--- AIM OF THE EXERCISE ---
Give a verbatim copy of the lines below, minus the pictures.

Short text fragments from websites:
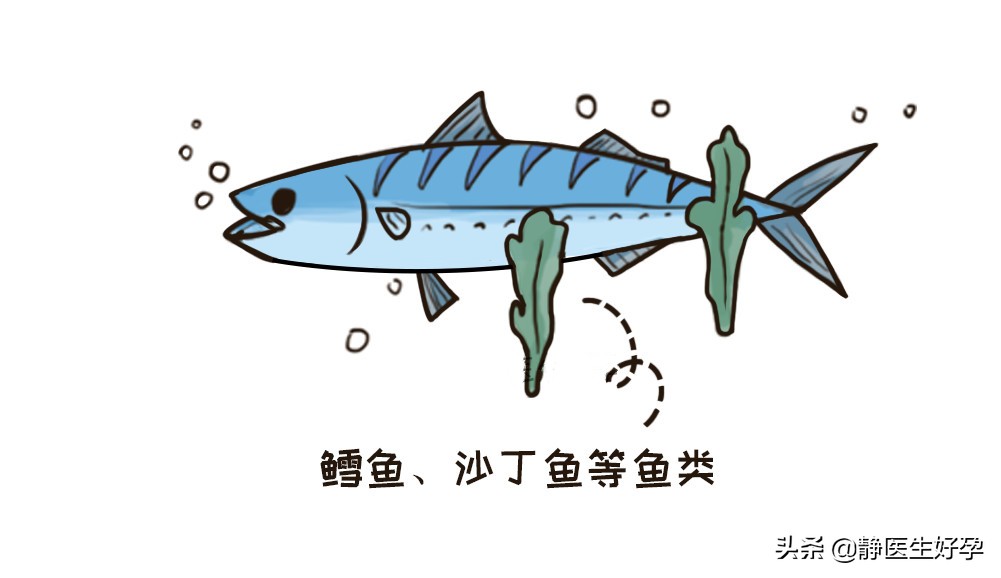 静医生备孕：只需一招，就能帮你把卵泡养的又大又好！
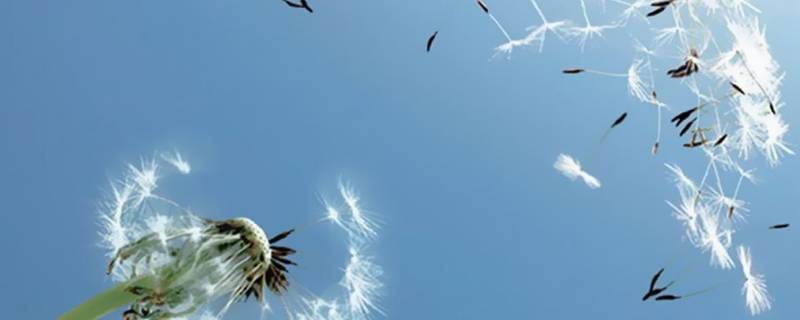 刮北风的原因是什么 经常刮北风是什么原因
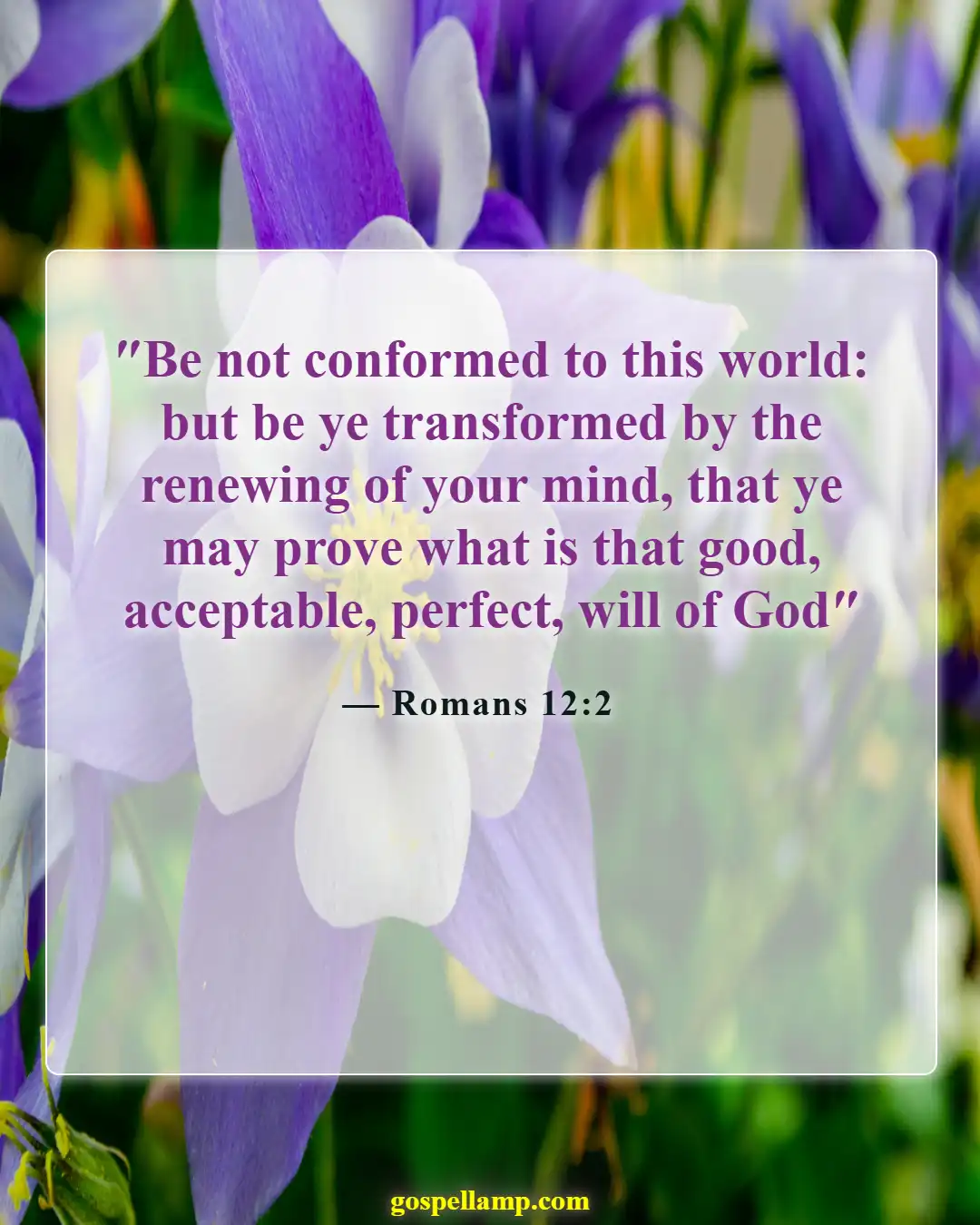 Romans 12:2 :- Transforming your mind for God's purpose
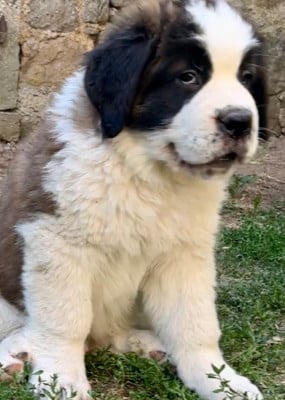 Chien du Saint-Bernard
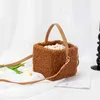 Evening bag Moda de invierno, bolso tipo cubo de piel sintética para mujer, nuevo bolso cruzado coreano con plumón de cordero Artificial, bolso elegante de felpa para mujer 20220607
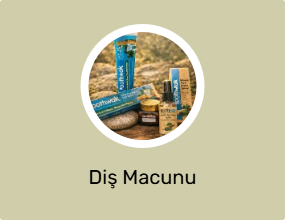 Diş Macunu
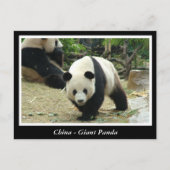China - Großes Panda Postkarte (Vorderseite)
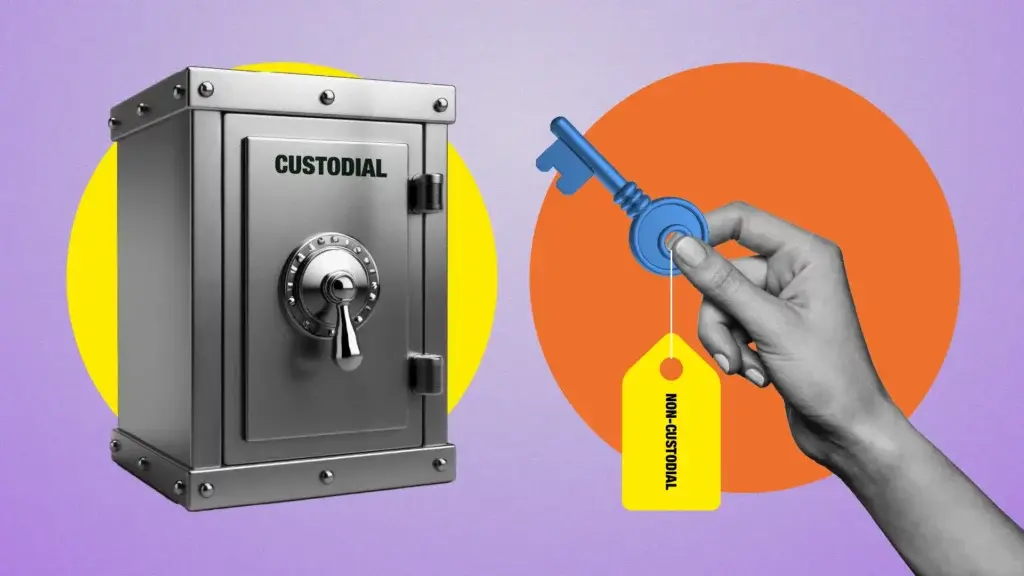 vi-non-custodial-la-gi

--- OUTPUT FOR THIS EXERCISE ---
 静医生备孕：只需一招，就能帮你把卵泡养的又大又好！
 刮北风的原因是什么 经常刮北风是什么原因
 Romans 12:2 :- Transforming your mind for God's purpose
 Chien du Saint-Bernard
 Evening bag Moda de invierno, bolso tipo cubo de piel sintética para mujer, nuevo bolso cruzado coreano con plumón de cordero Artificial, bolso elegante de felpa para mujer 20220607
 Diş Macunu
China - Großes Panda Postkarte (Vorderseite)
 vi-non-custodial-la-gi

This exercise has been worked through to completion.